Each record has to be repeated exactly as given.

Source data:
───

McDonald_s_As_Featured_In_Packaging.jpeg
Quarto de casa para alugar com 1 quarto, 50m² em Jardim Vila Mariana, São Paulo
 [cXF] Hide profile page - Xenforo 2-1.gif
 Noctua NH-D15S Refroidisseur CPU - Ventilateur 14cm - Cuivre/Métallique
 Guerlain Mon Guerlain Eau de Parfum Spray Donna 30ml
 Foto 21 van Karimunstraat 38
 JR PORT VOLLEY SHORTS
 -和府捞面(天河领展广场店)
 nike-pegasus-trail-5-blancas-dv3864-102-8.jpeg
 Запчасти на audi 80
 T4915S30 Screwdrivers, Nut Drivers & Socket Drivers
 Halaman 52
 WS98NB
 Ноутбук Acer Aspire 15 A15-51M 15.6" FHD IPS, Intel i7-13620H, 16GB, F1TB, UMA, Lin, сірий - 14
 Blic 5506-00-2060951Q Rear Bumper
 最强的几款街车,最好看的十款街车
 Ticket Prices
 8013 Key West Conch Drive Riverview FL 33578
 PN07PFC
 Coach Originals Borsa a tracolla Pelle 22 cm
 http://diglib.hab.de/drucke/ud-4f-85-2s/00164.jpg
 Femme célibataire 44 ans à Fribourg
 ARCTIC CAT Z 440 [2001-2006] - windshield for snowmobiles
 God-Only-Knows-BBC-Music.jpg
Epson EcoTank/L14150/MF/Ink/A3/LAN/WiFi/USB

───

-- TASK RESPONSE --
McDonald_s_As_Featured_In_Packaging.jpeg
Quarto de casa para alugar com 1 quarto, 50m² em Jardim Vila Mariana, São Paulo
 [cXF] Hide profile page - Xenforo 2-1.gif
 Noctua NH-D15S Refroidisseur CPU - Ventilateur 14cm - Cuivre/Métallique
 Guerlain Mon Guerlain Eau de Parfum Spray Donna 30ml
 Foto 21 van Karimunstraat 38
 JR PORT VOLLEY SHORTS
 -和府捞面(天河领展广场店)
 nike-pegasus-trail-5-blancas-dv3864-102-8.jpeg
 Запчасти на audi 80
 T4915S30 Screwdrivers, Nut Drivers & Socket Drivers
 Halaman 52
 WS98NB
 Ноутбук Acer Aspire 15 A15-51M 15.6" FHD IPS, Intel i7-13620H, 16GB, F1TB, UMA, Lin, сірий - 14
 Blic 5506-00-2060951Q Rear Bumper
 最强的几款街车,最好看的十款街车
 Ticket Prices
 8013 Key West Conch Drive Riverview FL 33578
 PN07PFC
 Coach Originals Borsa a tracolla Pelle 22 cm
 http://diglib.hab.de/drucke/ud-4f-85-2s/00164.jpg
 Femme célibataire 44 ans à Fribourg
 ARCTIC CAT Z 440 [2001-2006] - windshield for snowmobiles
 God-Only-Knows-BBC-Music.jpg
Epson EcoTank/L14150/MF/Ink/A3/LAN/WiFi/USB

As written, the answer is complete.